Symantec's holiday spam listing is seeing an increase in threats which capitalise on the concept of a trusted source or Web site.
"People this season need to ask themselves: is it really you?" said Robert Pregnell, senior manager for Symantec's technical product management.
"Using an infected instant messaging program to send enticing messages to everyone in the address book is a way the 'attackers' message will appear to be from a 'trusted' source," he warned.
If an email or instant messaging program has been compromised, the threat will most often materialize in a way that it appears to have come from a known contact.
Attackers are also compromising the home pages of popular Web sites, allowing them to inject malicious code onto any system that visits the Web site which isn't adequately protected.
So-called free 'license' agreements required to watch, for example, a video on a social networking site, is another method of duping users into exposing their systems.
The license is not a license at all, more likely it is a piece of malicious code.
According to Symantec, Australia ranks 6th in the list of the top 10 countries originating spam across Asia-Pacific and Japan, and the number of malicious code samples (viruses, bots, trojans, worms) has almost doubled in the last six months.
"This particularly, even outside of the festive season, is an enormous increase over previous trends, and represents the most substantial growth ever seen before in any six month period," Pregnell said.
Attackers will take advantage of any means at their disposal over the Christmas season of increased online activity.
"Shoppers read email, they browse for products, they buy and pay for products, they converse with friends to say 'Merry Xmas' using IM, they send virtual Christmas cards, share Christmas photos etc," Pregnell said.

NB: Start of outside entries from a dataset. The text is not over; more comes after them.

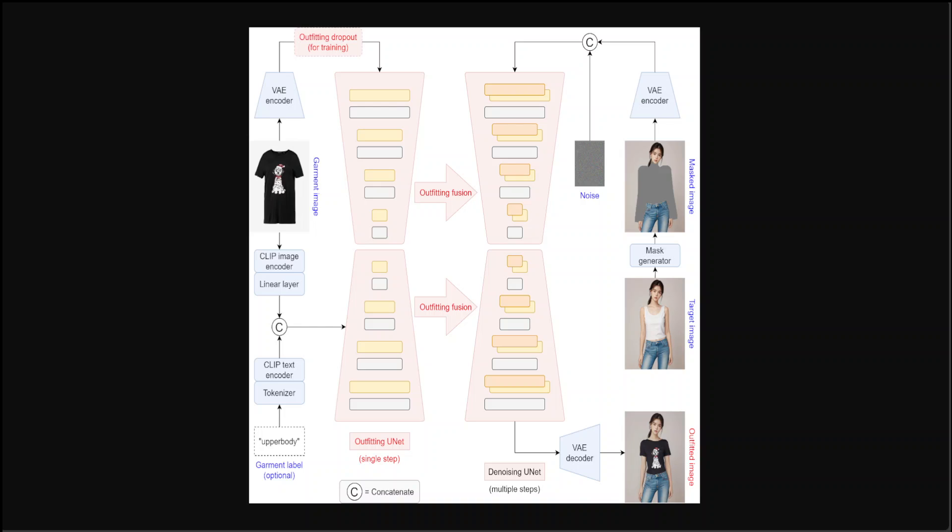So VAE encoder, VAE stands for variational autoencoder, and it is designed to compress data like images into a smaller, more manageable representation called latent space. This process involves reducing the data to its essential features in a way that can be approximately reconstructed by the decoder part of the VAE. The goal here is to learn a dense representation that captures the variability of the data in a probabilistic manner, allowing for the generation of new data points that resemble the original input data.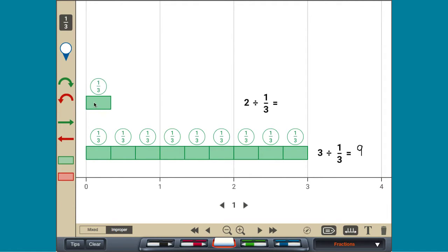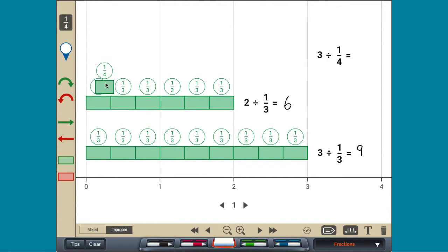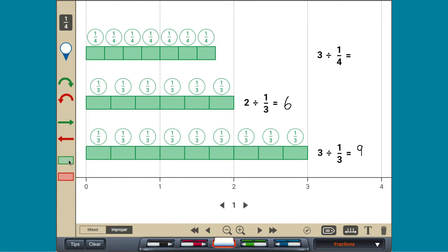Multiply other whole numbers by unit fractions and see that the result is always the product of the whole number and the fraction's denominator.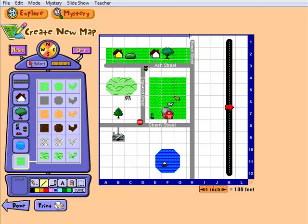It supplies greater interaction and immediate feedback that goes at the child's own pace. While some students may be more advanced than others, there is no worry due to the different educational options provided by Neighborhood Map Machine. It is a great alternative to the everyday lecture and will leave students wanting more.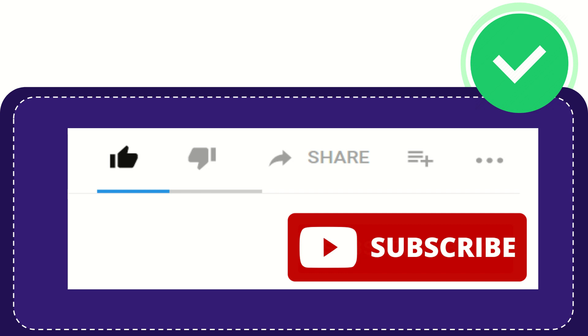See you again in the next video. Thank you.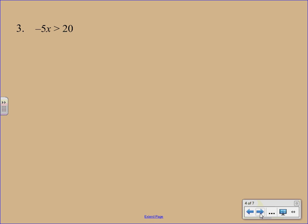Alright, here we go with a problem where we're going to have to apply our special rule. Here we have negative 5 times X, so we're going to divide both sides by a negative 5. Here's where the special rule comes in. Maybe write yourself a big note here to flip.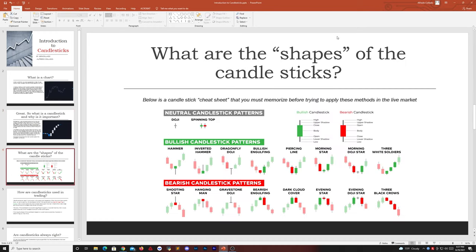If we go over the shapes of candlesticks, this is a sort of cheat sheet. You can Google 'candlestick cheat sheet' and you'll most likely get something like this. These are neutral candlestick patterns, bullish candlestick patterns, and bearish candlestick patterns. I recommend you actually memorize what these look like — print it out or view it on a screen — and pretty much memorize what these candlestick patterns are and what they do, because this is very important.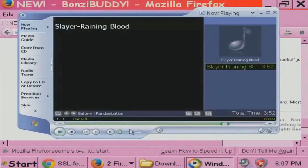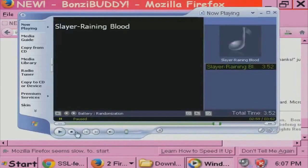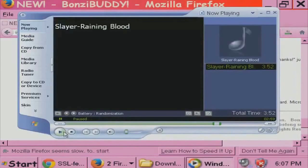Now, I can't tell if it's a Slayer solo or my computer screaming in agony as I'm downloading this. Take a listen.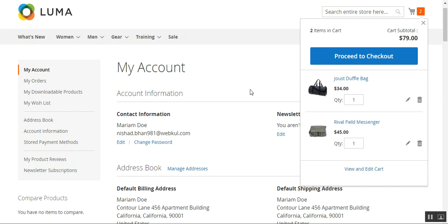While creating a new shipping method, the admin can set the title along with the price, weight range, and zip code range for the delivery of products. Before we proceed to show you the workflow of the storefront and the initial configurations required for this plugin, kindly subscribe to our channel and press the bell icon to receive the latest updates. If you find this video helpful, please give it a thumbs up.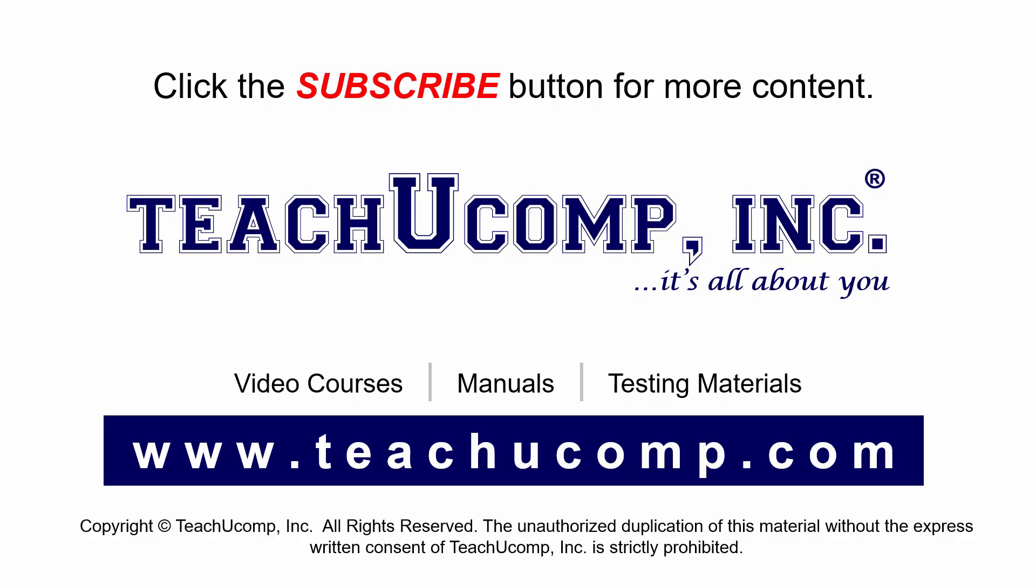Remember to click the subscribe button to see more of our videos. Get ad free courses at teachucomp.com.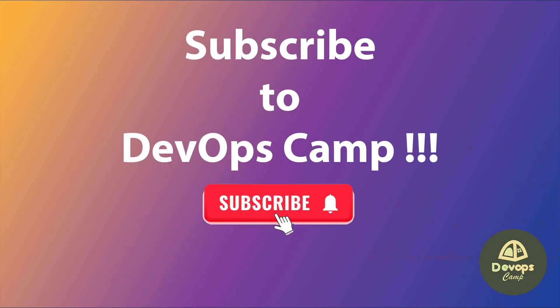Be sure to subscribe to DevOpsCamp. That's it for this video. Thank you for watching.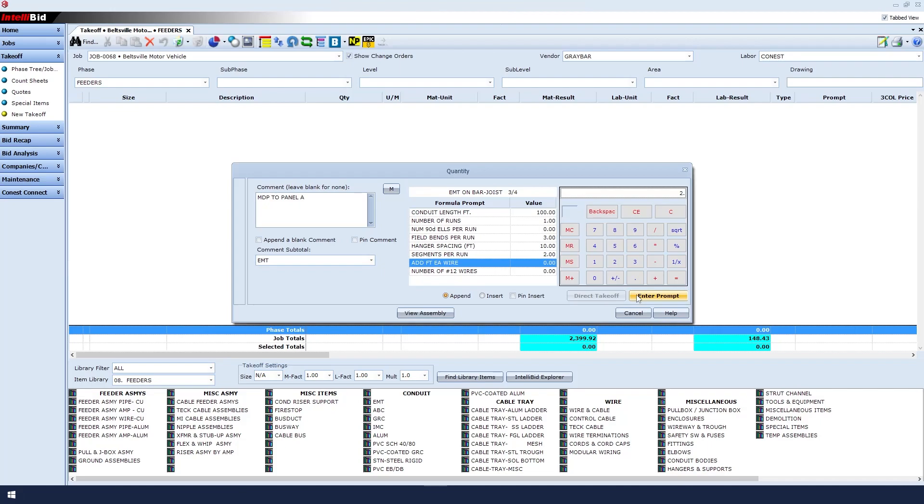Additional feet each wire is your makeup, and you should put that in the total. For example, if I want three feet on each end, I would type in six. But in this case, I want five feet on each end, so I'll type in 10. Then click Enter Prompt.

He warned that attackers are lurking in all of the corridors which consumers are using to conduct these activities, and will use Christmas related themes to dupe victims into exposing themselves to malicious activity.
"Spam and IM threats particularly are expected to rise over the Christmas period, taking advantage of the growing numbers of virtual interactions in the community."
Pregnell said that the kind of 'social engineering' tactics that mislead victims into thinking they are doing something valid or interacting with a trusted site are increasing at an alarming rate.
"This is particularly notable given the attackers no longer set out to 'damage' a computer system, but are instead seeking direct financial gain, or to obtain some information about the victim which can be sold to someone else.
"Therefore, the defences people need to have in place need to provide protection around an online interaction, not just protection of the computer system itself," he warned.
Pregnell said this was best achieved through a combination of user education and observing safe computer practices, as well as traditional anti-virus and protection technologies.